Chinese PER & Earnings Growth

At the end of August, 852 Shanghai-listed companies and 487 Shenzhen-listed firms reported their earnings for the first half of this year. The aggregate net profit of the Shanghai companies was 290.3 billion yuan (US$38 billion), up 69.2 percent year on year, while their aggregate income was 2.69 trillion yuan, up 24.9 percent. Shenzhen-listed firms reported a combined 99.23 percent increase in aggregate net profits at 47.52 billion yuan, while aggregate income was up 28 percent at 754.52 billion yuan.

Blue-chip companies reported the best performance, with their aggregate net profits accounting for 77.4 percent of the total in Shanghai. The aggregate net profit of the top 30 Shenzhen firms jumped 77.23 percent to 27.47 billion yuan, 57.8 percent of the total for all listed firms. Companies in the financial, non-ferrous metals, excavation and real estate sectors performed well. Seventeen Shanghai-listed companies in the financial sector enjoyed a combined net profit growth of 74.1 percent.

That's the often uttered fundamental factor in explaining high PERs accorded to China firms.

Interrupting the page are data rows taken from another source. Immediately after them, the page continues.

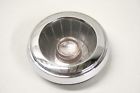 2800978 Original Chrysler Newport Steering Wheel Center Horn Button Oem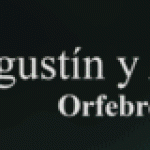 AGUSTIN-Y-AMAIA-371POR80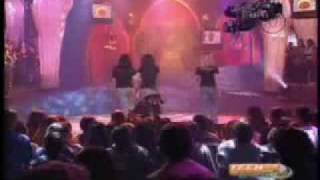 Watch Lalaine Im Not Your Girl video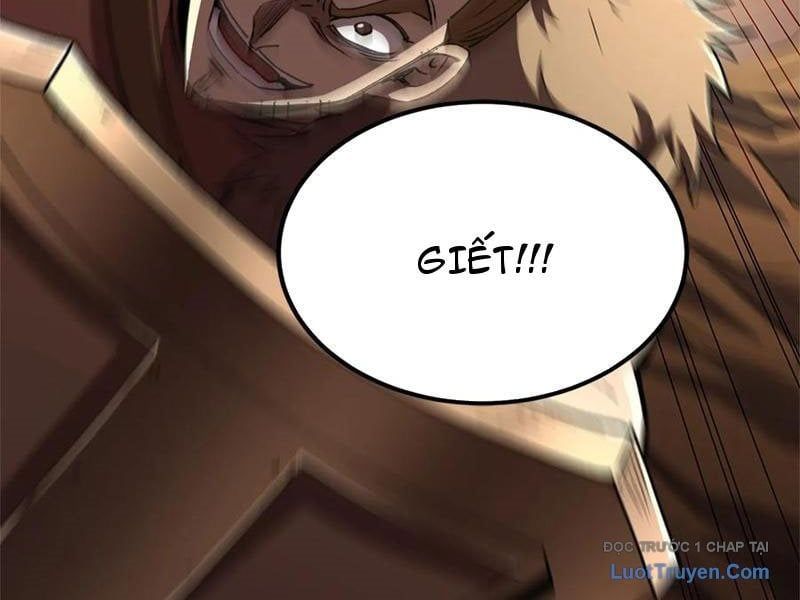 đọc truyện Dị Biến Giáng Lâm Nhân Gian: Triệu Hoán Chi Chủ! Chương 47 ảnh 133 tại Thiên Thai Truyện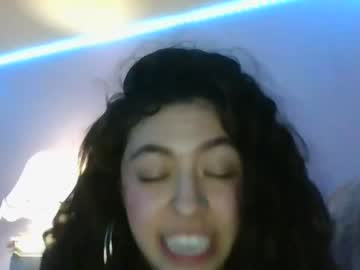 webcam girl savinajade capture image #3273221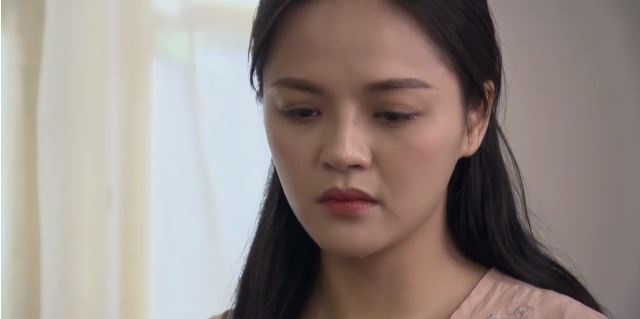 lich phat song dien bien phim ve nha di con tap 60 duong xo xien chi hue chi vi chu quoc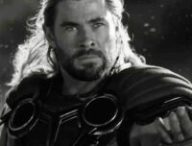 Source : Marvel Studios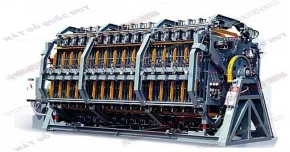 Công Ty TNHH Một Thành Viên Thương Mại Dịch Vụ Sản Xuất Phát Triển Quốc Duy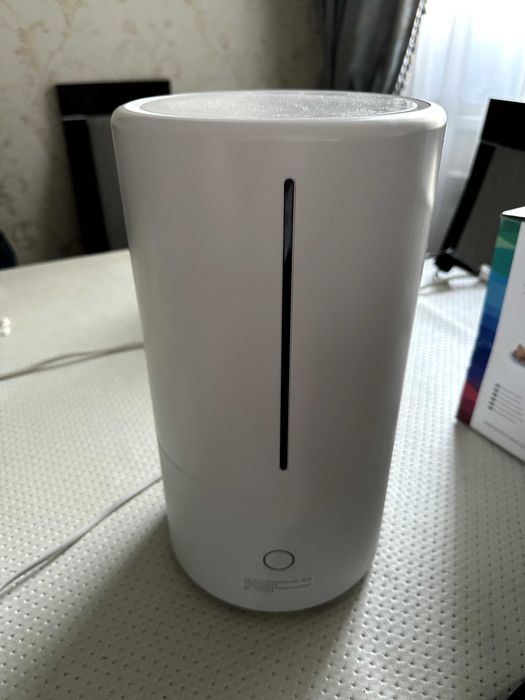 Mijia Smart Sterilization Humidifier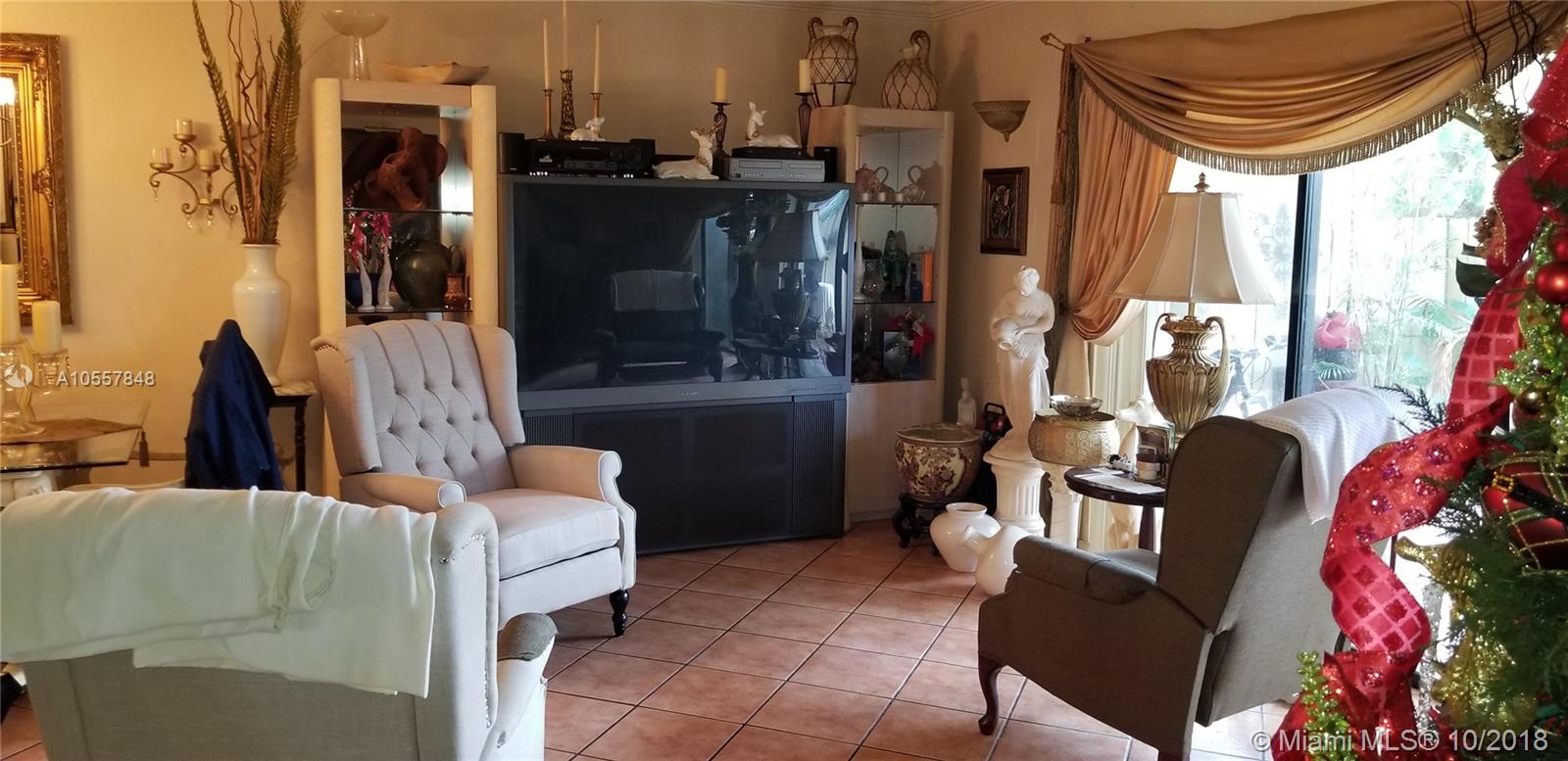 5346 West 20th Lane, Unit VI32 Hialeah, FL 33016 - Photo 3 of 21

Its the sustainability and quality of growth which are needed to be examined further. Now, a simple analysis would show a disparity in Revenue & Net Profit growth patterns. Herein lies the pandora's box.

Revenue Growth / Net Profit Growth

Shanghai 24.9% / 69.2%

Shenzhen 28% / 99%

You cannot have such disproportionate jumps - but you can I guess, if the employees all agree to have their salaries reduced by 40% every year; or you can manufacture a product 30% cheaper with every progressive year. Some disproportionate jumps can be explained via "extraordinary gains" such as asset sales, disposal of subsidiaries at a profit or even "revaluation gains" of land and buildings - all of which are one-off and non-operating, hence non-important (sic).

The magic elixir is investment income contributed most to profit jumps. The total investment income was 10.4 billion yuan on the Shenzhen exchange, 15.33 percent of the total. I believe the proportion for Shanghai listed firms could even be higher, closer to 25% of total. That may not sound like sizable but this is the actual percentage following a 70%-99% jump in base value. In other words, the investment income in 2007 as a % of 2006 total net profit should be in the region of 35%-45%!!!

Sure, the operating performance is still solid after you strip out investment income from their net profits, but it goes a long way to challenge the sustainability of earnings growth and the quality as well. Investment income is NOT recurring income, it could be huge losses (really big ones) in one of two financial years ahead though.

To be fair, what we have in China corporate profits is part earnings driven and part investment income driven. When investment income make up a sizable portion of net profits, many silly decisions get made:

a) over reliance on trading and investments
b) misallocation of capital towards trading and investment at the expense of funding organic growth, necessary capital investments and r&d expenditure

c) over-reliance on local investments will cause many to stay domestic, and not consider to go global to expand their reach

d) the exponential domino knock-on effects of a 30%-40% correction will be very severe, and could cause many companies to kill off otherwise healthy businesses

Just a reminder, just a reminder ... till then, China bull is alive and well... still. But don't paint the bull up more than what it deserves to be, just a bull, who will die someday.